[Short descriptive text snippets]
──────────────────────────────
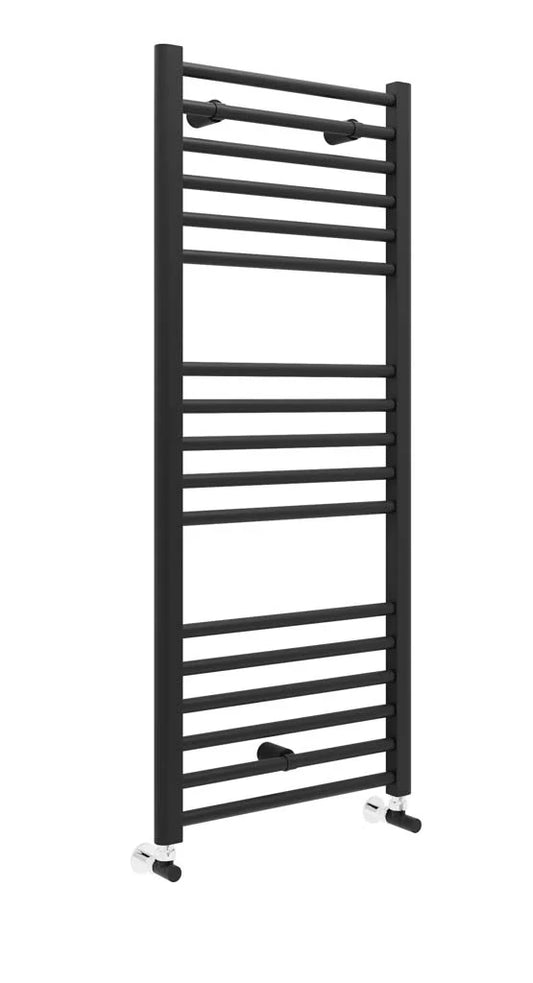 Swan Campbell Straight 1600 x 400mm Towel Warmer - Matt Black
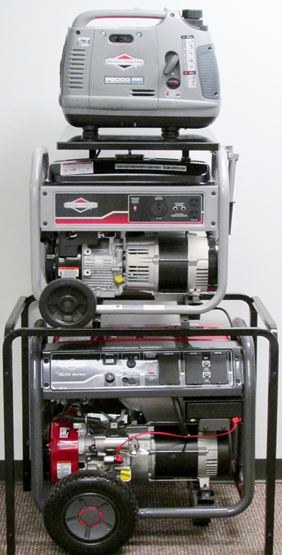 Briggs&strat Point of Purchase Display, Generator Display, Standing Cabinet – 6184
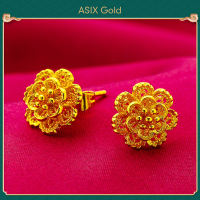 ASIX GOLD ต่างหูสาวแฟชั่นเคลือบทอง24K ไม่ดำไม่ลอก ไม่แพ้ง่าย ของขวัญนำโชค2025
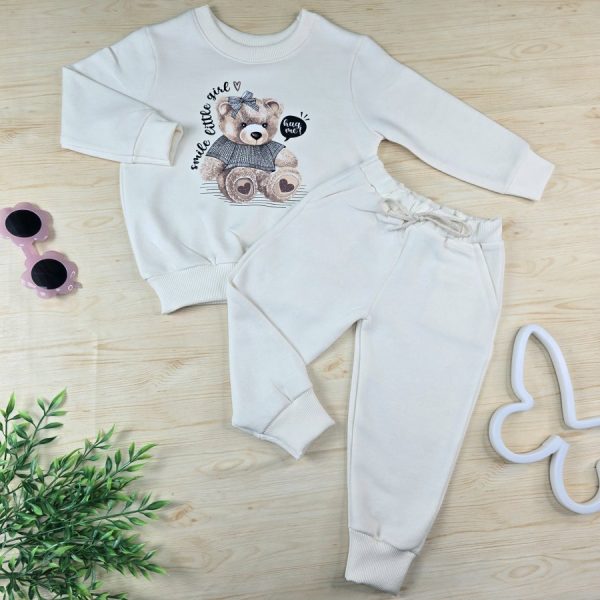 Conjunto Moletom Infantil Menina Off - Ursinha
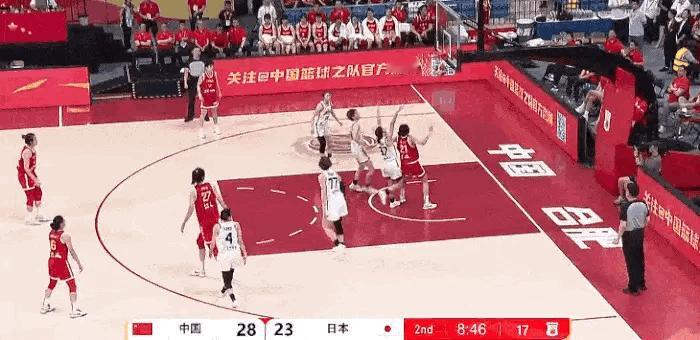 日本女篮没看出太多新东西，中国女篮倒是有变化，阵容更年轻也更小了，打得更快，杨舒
──────────────────────────────
→ WHAT THE EXERCISE ASKS
When you reach the line containing "Conjunto Moletom Infantil" in the entries above, please retype it and each line after it through the last one, exactly, without the pictures.

→ OUTPUT BELOW
 Conjunto Moletom Infantil Menina Off - Ursinha
 日本女篮没看出太多新东西，中国女篮倒是有变化，阵容更年轻也更小了，打得更快，杨舒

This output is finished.